- Piano Concerto No. 2 in C minor, Op. 18
- Rhapsody on a Theme of Paganini (Introduction and 24 Variations), in A minor for piano & orchestra, Op. 43
Lang Lang at the keyboard with Valery Gergiev at the podium might seem like too combustible a combination. The young pianist, after all, has quickly become famous for his high-octane virtuosity, while the conductor's take-no-prisoners approach has produced some truly incendiary orchestral recordings, especially in the Russian repertoire that he practically owns these days. What's surprising, then, is how well mannered their collaboration seems in these live recordings of two of Rachmaninoff's most popular works. The results are exciting, to be sure -- technically brilliant and full of personality, with the Orchestra of the Mariinsky Theatre (a.k.a. Gergiev's Kirov Orchestra, apparently reverting at long last to its pre-Soviet name) contributing a wonderfully Russian darkness of tone -- but also deeply musical, never flashy just for the sake of bravura effect.
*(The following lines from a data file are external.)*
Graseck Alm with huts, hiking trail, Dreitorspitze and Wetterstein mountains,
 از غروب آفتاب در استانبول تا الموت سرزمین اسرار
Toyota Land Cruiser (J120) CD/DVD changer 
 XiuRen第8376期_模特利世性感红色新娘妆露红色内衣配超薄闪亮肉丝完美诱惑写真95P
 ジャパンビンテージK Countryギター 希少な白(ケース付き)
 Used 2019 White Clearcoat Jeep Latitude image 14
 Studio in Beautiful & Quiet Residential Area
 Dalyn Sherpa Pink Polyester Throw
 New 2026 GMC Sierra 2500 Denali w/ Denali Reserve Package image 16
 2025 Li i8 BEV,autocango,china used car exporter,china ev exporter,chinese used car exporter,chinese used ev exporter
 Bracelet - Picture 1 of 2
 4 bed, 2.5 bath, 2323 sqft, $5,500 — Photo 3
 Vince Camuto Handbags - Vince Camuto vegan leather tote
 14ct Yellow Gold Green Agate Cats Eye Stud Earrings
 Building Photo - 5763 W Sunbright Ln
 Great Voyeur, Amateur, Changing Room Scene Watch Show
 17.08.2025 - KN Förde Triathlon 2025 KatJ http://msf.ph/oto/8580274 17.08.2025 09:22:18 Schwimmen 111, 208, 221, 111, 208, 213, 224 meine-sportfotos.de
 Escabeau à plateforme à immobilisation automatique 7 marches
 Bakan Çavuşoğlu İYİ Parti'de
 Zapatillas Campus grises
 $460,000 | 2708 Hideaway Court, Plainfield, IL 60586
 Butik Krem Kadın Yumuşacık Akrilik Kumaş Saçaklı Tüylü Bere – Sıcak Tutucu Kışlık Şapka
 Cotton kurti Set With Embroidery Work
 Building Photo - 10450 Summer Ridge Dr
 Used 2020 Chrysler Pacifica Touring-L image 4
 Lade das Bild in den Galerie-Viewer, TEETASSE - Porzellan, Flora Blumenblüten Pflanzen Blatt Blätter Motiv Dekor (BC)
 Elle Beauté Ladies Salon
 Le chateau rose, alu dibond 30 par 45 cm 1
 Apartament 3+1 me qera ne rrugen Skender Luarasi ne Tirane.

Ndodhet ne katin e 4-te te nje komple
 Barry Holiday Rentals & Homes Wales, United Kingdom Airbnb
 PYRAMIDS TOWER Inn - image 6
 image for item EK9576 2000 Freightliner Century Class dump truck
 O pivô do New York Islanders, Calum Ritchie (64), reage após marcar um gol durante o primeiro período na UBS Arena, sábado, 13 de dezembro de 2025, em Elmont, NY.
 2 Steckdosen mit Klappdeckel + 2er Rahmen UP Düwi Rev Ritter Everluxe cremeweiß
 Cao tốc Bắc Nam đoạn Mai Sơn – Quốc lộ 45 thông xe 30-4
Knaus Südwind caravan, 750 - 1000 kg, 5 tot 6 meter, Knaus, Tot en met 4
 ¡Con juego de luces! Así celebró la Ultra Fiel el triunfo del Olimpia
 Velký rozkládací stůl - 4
Having devoted himself to Tchaikovsky's First Concerto on an earlier CD, Lang Lang applies his mastery of grand Romantic gestures to another audience favorite here, Rachmaninoff's Second. Gergiev seems happy to follow the pianist in the music's ebb and flow, lingering along with each of the composer's expansive tunes like a series of beautifully nostalgic memories. If the performance of Rachmaninoff's Rhapsody on a Theme of Paganini is even more successful, it's doubtless because this work gives Lang Lang more opportunity to revel in high-spirited capers at the keyboard; the lyrical 18th variation is as beguiling as it needs to be, but it's the vigorous wit of the surrounding music that really brings out the pianist's sheer joy in music making. There's a crowded field of Rachmaninoff recordings on the market, both classic and recent (including, among the latter, Krystian Zimerman in the First and Second Concertos, and Stephen Hough in the complete works for piano and orchestra), but Lang Lang's meeting with Gergiev earns a solidly satisfying place among them.